Hand in Hand
Our dear friend, Catherine Ingram, has reported on the Vancouver Peace Summit, a three-day gathering of luminaries including the Dalai Lama, Eckhart Tolle, Maria Shriver, numerous Nobel laureates, and a couple dozen other presenters.
The Dalai Lama, Catherine said, emphasized again and again the need for women to have greater roles in leadership in all fields because, he said, they are “biologically” more nurturing and have a greater sensitivity to suffering. He feels that our educational system is the domain in which ethics and a connection to the totality of life needs to be taught now that there is a worldwide diminishment of the role of churches and the cohesion of families, arenas which once provided more spiritual and ethical sustenance. He also implored the educators and scientists attending the conference to introduce emotional and social intelligence in schools and for the media to start concentrating more on “good news,” stories that uplift our spirits instead of scaring us to death.
Eckhart Tolle, she said, suggested the introduction of “awareness” training in schools, not just as one of the subjects but as the main subject — “awareness of emotions, awareness of thoughts, of other human beings and their thoughts,” and for young people to learn to not equate their thoughts with who they are so that a child has a sense early on of his or her own nature and of the nature of the other children.

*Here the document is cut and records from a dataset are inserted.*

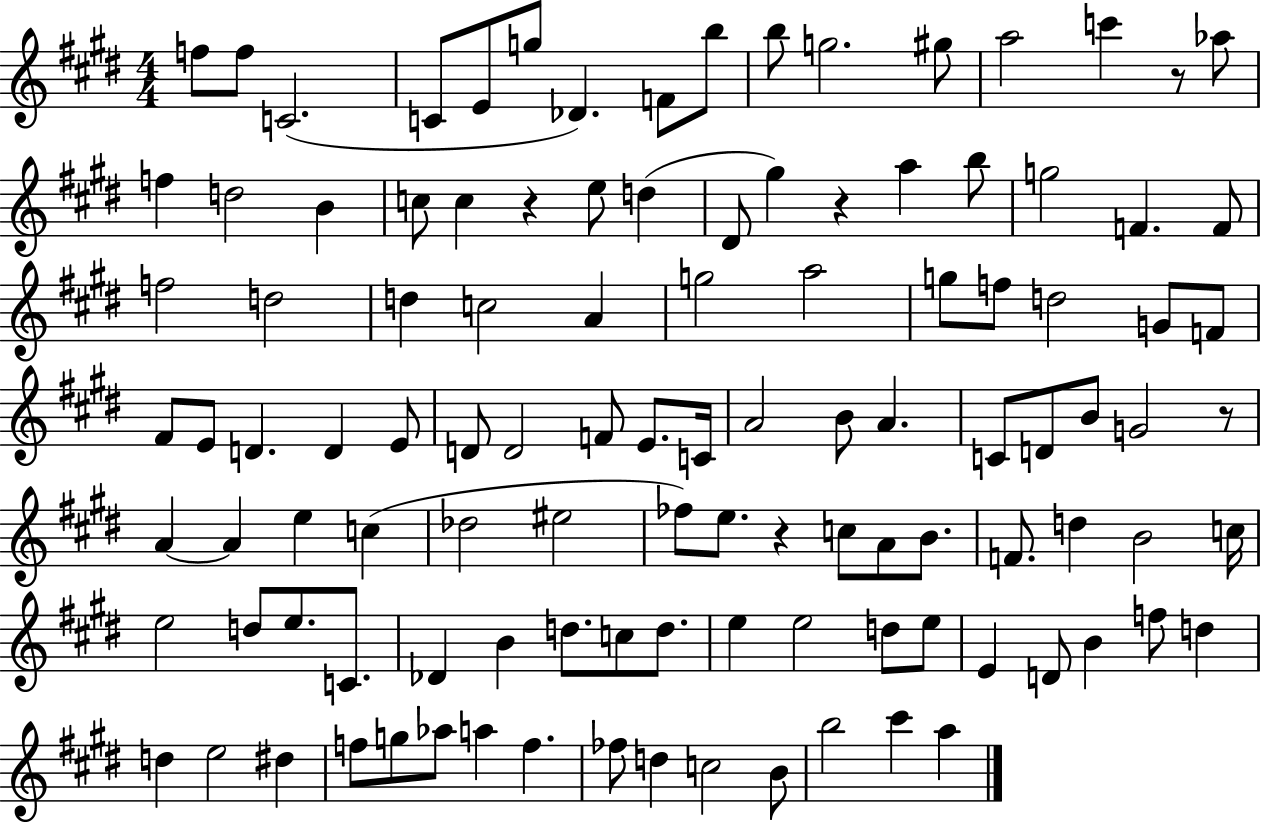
{
  \clef treble
  \numericTimeSignature
  \time 4/4
  \key e \major
  f''8 f''8 c'2.( | c'8 e'8 g''8 des'4.) f'8 b''8 | b''8 g''2. gis''8 | a''2 c'''4 r8 aes''8 | \break f''4 d''2 b'4 | c''8 c''4 r4 e''8 d''4( | dis'8 gis''4) r4 a''4 b''8 | g''2 f'4. f'8 | \break f''2 d''2 | d''4 c''2 a'4 | g''2 a''2 | g''8 f''8 d''2 g'8 f'8 | \break fis'8 e'8 d'4. d'4 e'8 | d'8 d'2 f'8 e'8. c'16 | a'2 b'8 a'4. | c'8 d'8 b'8 g'2 r8 | \break a'4~~ a'4 e''4 c''4( | des''2 eis''2 | fes''8) e''8. r4 c''8 a'8 b'8. | f'8. d''4 b'2 c''16 | \break e''2 d''8 e''8. c'8. | des'4 b'4 d''8. c''8 d''8. | e''4 e''2 d''8 e''8 | e'4 d'8 b'4 f''8 d''4 | \break d''4 e''2 dis''4 | f''8 g''8 aes''8 a''4 f''4. | fes''8 d''4 c''2 b'8 | b''2 cis'''4 a''4 | \break \bar "|."
}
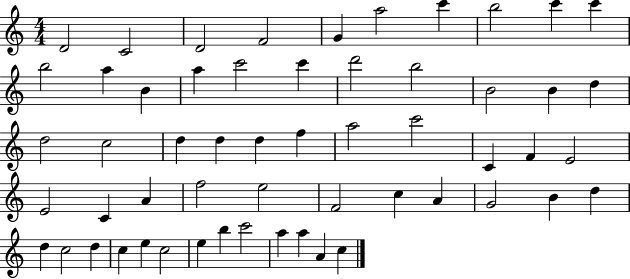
{
  \clef treble
  \numericTimeSignature
  \time 4/4
  \key c \major
  d'2 c'2 | d'2 f'2 | g'4 a''2 c'''4 | b''2 c'''4 c'''4 | \break b''2 a''4 b'4 | a''4 c'''2 c'''4 | d'''2 b''2 | b'2 b'4 d''4 | \break d''2 c''2 | d''4 d''4 d''4 f''4 | a''2 c'''2 | c'4 f'4 e'2 | \break e'2 c'4 a'4 | f''2 e''2 | f'2 c''4 a'4 | g'2 b'4 d''4 | \break d''4 c''2 d''4 | c''4 e''4 c''2 | e''4 b''4 c'''2 | a''4 a''4 a'4 c''4 | \break \bar "|."
}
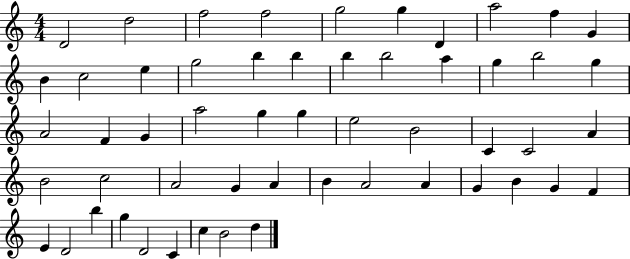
X:1
T:Untitled
M:4/4
L:1/4
K:C
D2 d2 f2 f2 g2 g D a2 f G B c2 e g2 b b b b2 a g b2 g A2 F G a2 g g e2 B2 C C2 A B2 c2 A2 G A B A2 A G B G F E D2 b g D2 C c B2 d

There was a moment I heard about, Catherine said, that I didn’t actually witness. After one of the sessions, the Dalai Lama and Eckhart Tolle held hands as they walked to lunch. It is an image I would have liked to imprint in memory, one that I might call upon in moments of distress. To most of the world, they are probably the two most respected spiritual leaders of East and West. But in these last days and over the many years I have known them both, they have shown themselves to be wise global citizens, beautifully human and simple, doing their part for a gentler world.